Erbarmungswürdig nennt Wolfgang Schäuble den Vorstoß von Sigmar Gabriel, ein soziales Rettungspaket für die eigene Bevölkerung zu schnüren. Der Begriff passt auch noch in anderer Hinsicht: Die Große Koalition selbst ist in einem erbarmungswürdigen Zustand.

Die Nachrichten in den vergangenen Tagen lassen jedenfalls Zweifel aufkommen, ob es Union und SPD noch ernst ist mit dem gemeinsamen Regieren. Selbst CSU und CDU gehen wechselseitig auf Abstand. Weil Horst Seehofer bei Angela Merkel kein Gehör mit seinen Katastrophenszenarien in der Flüchtlingsdebatte findet, kassiert er kurzerhand zwei Gesetze ein, die längst beschlussreif waren: die Vorlagen zur Erbschaftsteuer und zu Werkverträgen. Das zeigt, dass es der CSU nicht um die Sache geht, sondern um Provokation aus Prinzip. In diese Kategorie fällt auch Seehofers Nicht-Antwort auf die Frage, ob die CSU Merkel ein weiteres Mal bei der Kanzlerkandidatur unterstützen werde. Als ob dafür irgendeine andere Person bei der Union in Sicht ist.

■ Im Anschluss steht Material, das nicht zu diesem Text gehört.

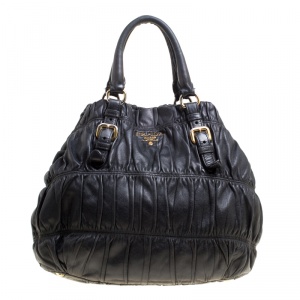Pre Owned Prada Black Nappa Gaufre Leather Shopping Tote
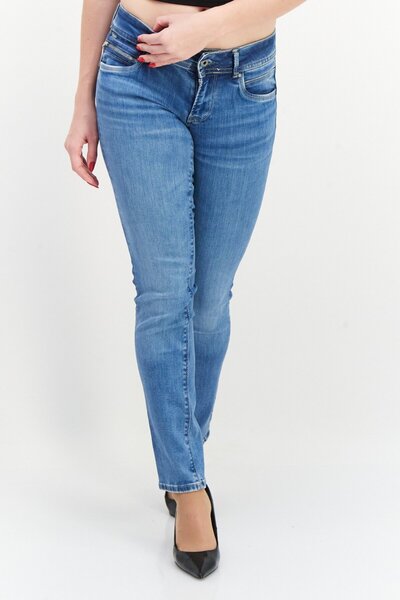 Pepe Jeans بنطلون جينز نسائي ضيق غير قابل للتمدد، أزرق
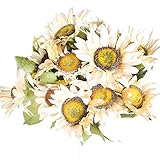 人工フラワー、ひまわりのブーケ、ホームデコレーション/ウェディングデコレーション用 1 パックに 1 束 12 本の花束が 2 束 B01IKGU0V4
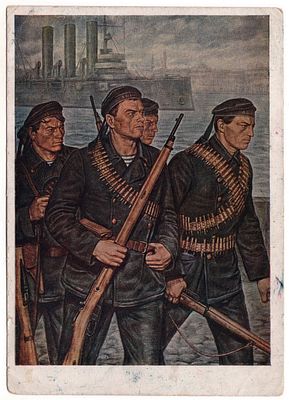 Худ. К. Максимов. Революционные матросы с крейсера "Аврора"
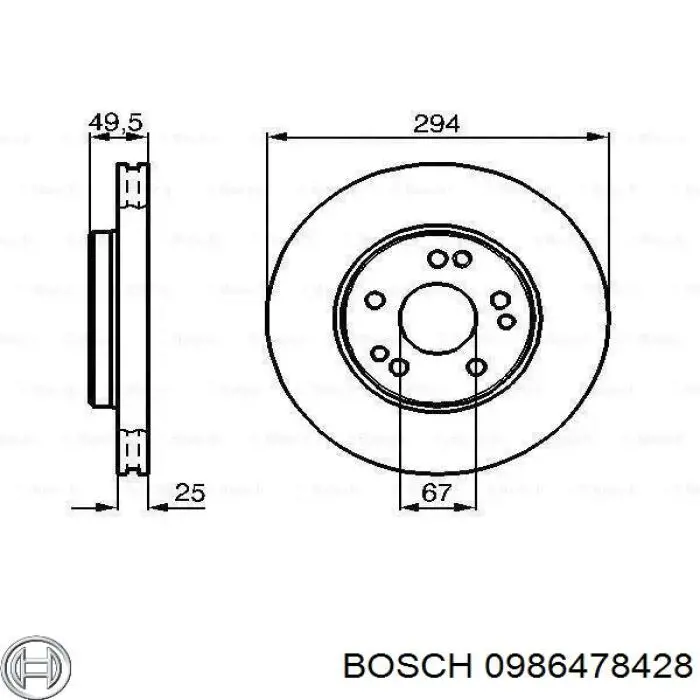 0986478428 Bosch диск тормозной передний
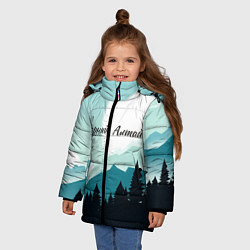 Куртка зимняя для девочки Горный Алтай пейзаж, цвет: 3D-светло-серый — фото 2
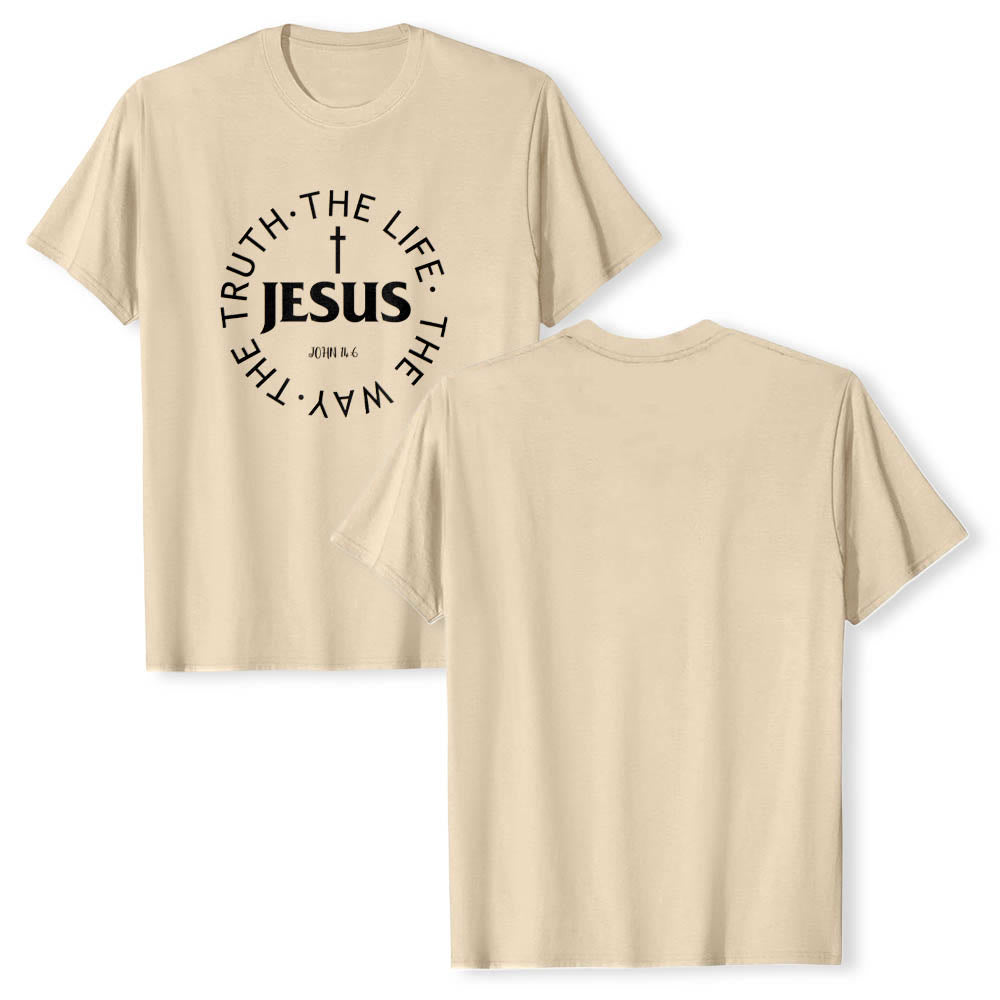 Christianartworkshop Camiseta de manga corta premium con cruz centrada, versículo circular curvo de JESÚS, Juan 14:6 - image 1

Und die SPD? Sie ist erst Recht in einem erbarmungswürdigen Zustand. Wenn Sigmar Gabriel jetzt seine soziale Ader entdeckt, dann mutet das wie ein verzweifelter Hakenschlag an, um kurz vor den drei wichtigen Landtagswahlen in Baden-Württemberg, Rheinland-Pfalz und Sachsen-Anhalt für seine Partei zu retten, was kaum noch zu retten ist — Glaubwürdigkeit und Kompetenz. Als ob es Kinderarmut und erste Signale eines schwieriger werdenden Auskommens im Alter nicht schon vor der Flüchtlingswelle gegeben hätte. Die SPD selbst hatte übrigens die schrittweise Absenkung des Rentenniveaus beschlossen, als sie noch mit den Grünen in der Regierung saß.

So spricht vieles dafür, dass die wechselseitigen Anfeindungen in der Großen Koalition noch zunehmen könnten. Für einen permanenten Wahlkampf ist es jedoch rund eineinhalb Jahre vor dem nächsten bundes- weiten Urnengang noch eindeutig zu früh.